What the task requires: Once you have read the entries below, repeat all of them exactly.

##### Data for this task

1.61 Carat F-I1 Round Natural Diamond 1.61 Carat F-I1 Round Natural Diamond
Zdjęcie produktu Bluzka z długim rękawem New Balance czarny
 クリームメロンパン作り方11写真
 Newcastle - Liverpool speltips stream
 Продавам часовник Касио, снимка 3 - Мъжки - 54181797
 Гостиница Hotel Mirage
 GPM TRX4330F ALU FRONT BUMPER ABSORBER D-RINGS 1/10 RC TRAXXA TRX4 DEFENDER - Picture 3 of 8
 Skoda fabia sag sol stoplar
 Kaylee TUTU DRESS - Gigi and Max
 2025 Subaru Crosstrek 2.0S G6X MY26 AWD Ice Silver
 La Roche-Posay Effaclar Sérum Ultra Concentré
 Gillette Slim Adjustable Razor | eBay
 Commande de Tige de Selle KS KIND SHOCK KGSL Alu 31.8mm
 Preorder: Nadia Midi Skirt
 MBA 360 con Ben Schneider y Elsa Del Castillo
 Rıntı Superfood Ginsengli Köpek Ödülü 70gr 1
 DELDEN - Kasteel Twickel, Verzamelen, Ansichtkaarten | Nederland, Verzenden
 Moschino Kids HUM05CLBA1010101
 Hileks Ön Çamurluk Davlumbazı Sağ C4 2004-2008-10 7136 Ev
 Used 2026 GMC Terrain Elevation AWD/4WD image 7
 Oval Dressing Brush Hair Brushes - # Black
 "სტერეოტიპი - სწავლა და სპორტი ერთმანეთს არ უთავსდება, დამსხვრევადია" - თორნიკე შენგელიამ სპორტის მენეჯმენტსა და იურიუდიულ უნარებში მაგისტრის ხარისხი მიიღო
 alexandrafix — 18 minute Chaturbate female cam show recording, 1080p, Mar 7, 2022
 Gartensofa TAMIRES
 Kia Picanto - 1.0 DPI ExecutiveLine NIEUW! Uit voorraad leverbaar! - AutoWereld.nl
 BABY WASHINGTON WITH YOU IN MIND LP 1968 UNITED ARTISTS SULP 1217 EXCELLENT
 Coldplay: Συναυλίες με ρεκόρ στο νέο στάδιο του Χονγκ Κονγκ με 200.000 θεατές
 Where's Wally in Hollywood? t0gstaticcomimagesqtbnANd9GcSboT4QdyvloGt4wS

##########

Expected output:
1.61 Carat F-I1 Round Natural Diamond 1.61 Carat F-I1 Round Natural Diamond
Zdjęcie produktu Bluzka z długim rękawem New Balance czarny
 クリームメロンパン作り方11写真
 Newcastle - Liverpool speltips stream
 Продавам часовник Касио, снимка 3 - Мъжки - 54181797
 Гостиница Hotel Mirage
 GPM TRX4330F ALU FRONT BUMPER ABSORBER D-RINGS 1/10 RC TRAXXA TRX4 DEFENDER - Picture 3 of 8
 Skoda fabia sag sol stoplar
 Kaylee TUTU DRESS - Gigi and Max
 2025 Subaru Crosstrek 2.0S G6X MY26 AWD Ice Silver
 La Roche-Posay Effaclar Sérum Ultra Concentré
 Gillette Slim Adjustable Razor | eBay
 Commande de Tige de Selle KS KIND SHOCK KGSL Alu 31.8mm
 Preorder: Nadia Midi Skirt
 MBA 360 con Ben Schneider y Elsa Del Castillo
 Rıntı Superfood Ginsengli Köpek Ödülü 70gr 1
 DELDEN - Kasteel Twickel, Verzamelen, Ansichtkaarten | Nederland, Verzenden
 Moschino Kids HUM05CLBA1010101
 Hileks Ön Çamurluk Davlumbazı Sağ C4 2004-2008-10 7136 Ev
 Used 2026 GMC Terrain Elevation AWD/4WD image 7
 Oval Dressing Brush Hair Brushes - # Black
 "სტერეოტიპი - სწავლა და სპორტი ერთმანეთს არ უთავსდება, დამსხვრევადია" - თორნიკე შენგელიამ სპორტის მენეჯმენტსა და იურიუდიულ უნარებში მაგისტრის ხარისხი მიიღო
 alexandrafix — 18 minute Chaturbate female cam show recording, 1080p, Mar 7, 2022
 Gartensofa TAMIRES
 Kia Picanto - 1.0 DPI ExecutiveLine NIEUW! Uit voorraad leverbaar! - AutoWereld.nl
 BABY WASHINGTON WITH YOU IN MIND LP 1968 UNITED ARTISTS SULP 1217 EXCELLENT
 Coldplay: Συναυλίες με ρεκόρ στο νέο στάδιο του Χονγκ Κονγκ με 200.000 θεατές
 Where's Wally in Hollywood? t0gstaticcomimagesqtbnANd9GcSboT4QdyvloGt4wS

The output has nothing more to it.